PEOPLE AND PLEDGES THAT COME TO A PAWNBROKER

COFFINS, false teeth, wooden legs, anvils, anchors, horses, and auto mobiles—that sounds like an extract from the catalog of a museum of contemporary times, but, really, it is a partial list of odds and ends taken in by a Philadelphia pawnbroker. For fifty years, we are told, Reuben Cohen has performed the office of “uncle” to an innumerable army of more or less distant relatives whose ways of living, or misfortunes, led them to establish a connection with him. Once, he avers, it was an undertaker, to whom the continued good health of the community had meant serious financial loss. The undertaker had become overstocked with coffins, and needed hard cash for the butcher and groceryman he had failed to bury. At another time it was a horse dealer, who needed ready money more than a mount. At another time, still, it was a man who found that he could get along temporarily without his underpinning provided he could get something under his belt. False teeth form a ready article of sale and are more easily disposed of than anchors. But even an anchor may find a temporary resting-place in the back room of a pawnshop.
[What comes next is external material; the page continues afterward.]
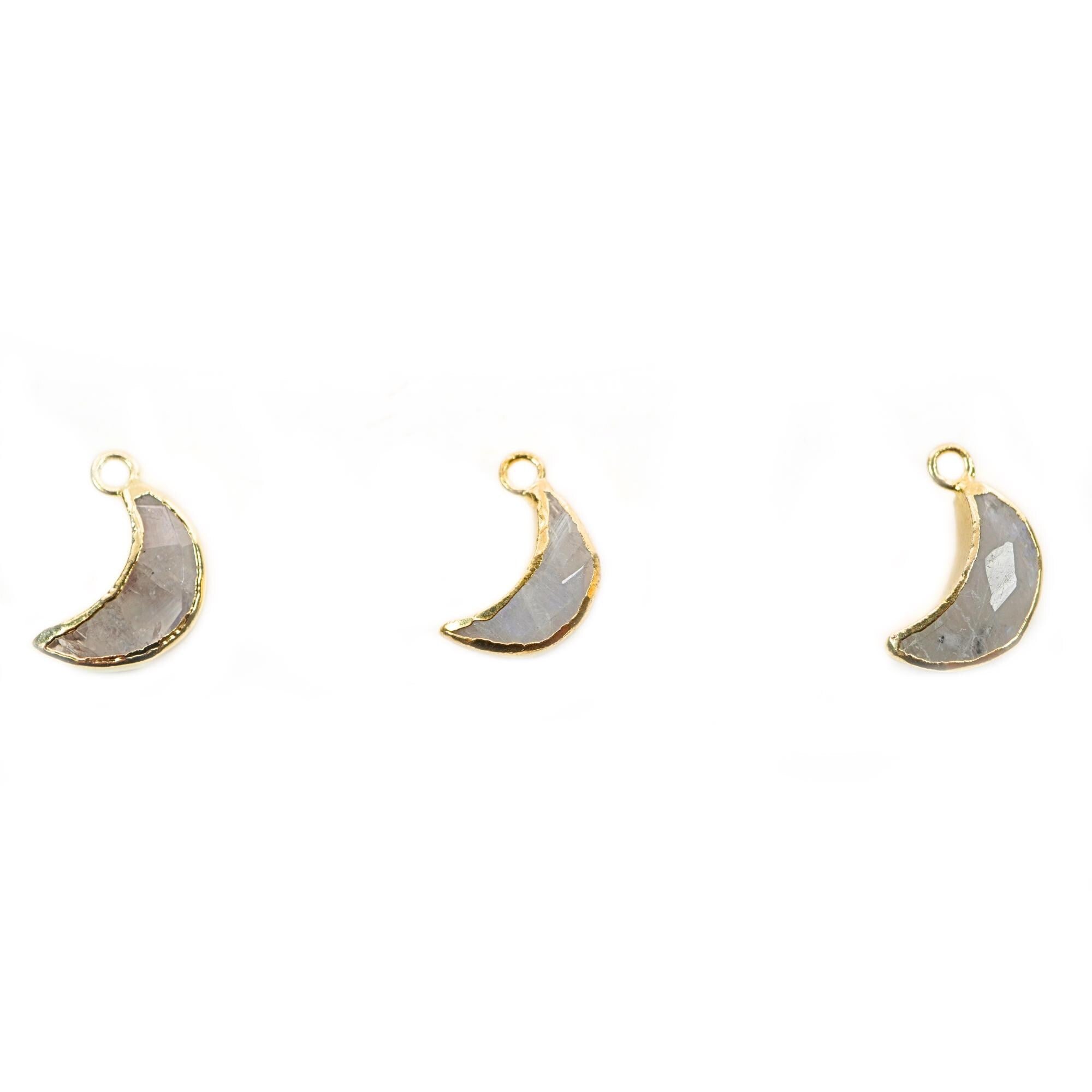 Rainbow Moonstone Moon Shape Gemstone Gold Electroplated Charm Pendant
During his half century under the sign of the three balls Mr. Cohen evidently turned few away from his door. And he found that it isn’t only the poor who seek to be tided over an unlucky financial venture, or to raise money for an unexpected need. Sometimes people who are reputed rich ring the bell after nightfall, and come in lugging the family silver or a bagful of ancient heirlooms. Reuben Cohen has been “uncle” to them all, and he has had a rare opportunity to study all phases of human nature. Said he recently to a reporter for the Philadelphia Public Ledger:

“A woman who had all the appearance of class came into my place one day and pawned a fine silver set. It was after I had been in business long enough to have saved enough money to take a real vacation.

“My wife and I went down to the old Hotel Stockton, at Cape May, three days later. And whom should I see, as I walked into the lobby, but that woman who had pawned the silverware. She was drest in the height of fashion. No, she didn’t recognize me then, and she never recognized me many other times when I saw her there. But I recognized her. Incidentally, she never redeemed her silverware.

“Now you don’t want to get the idea that everyone who comes to a pawn broker’s shop is a waster, a spender, improvident, you know, and all that. Maybe some of those with that richness bluff are that way, but the majority of the people who come to me are poor.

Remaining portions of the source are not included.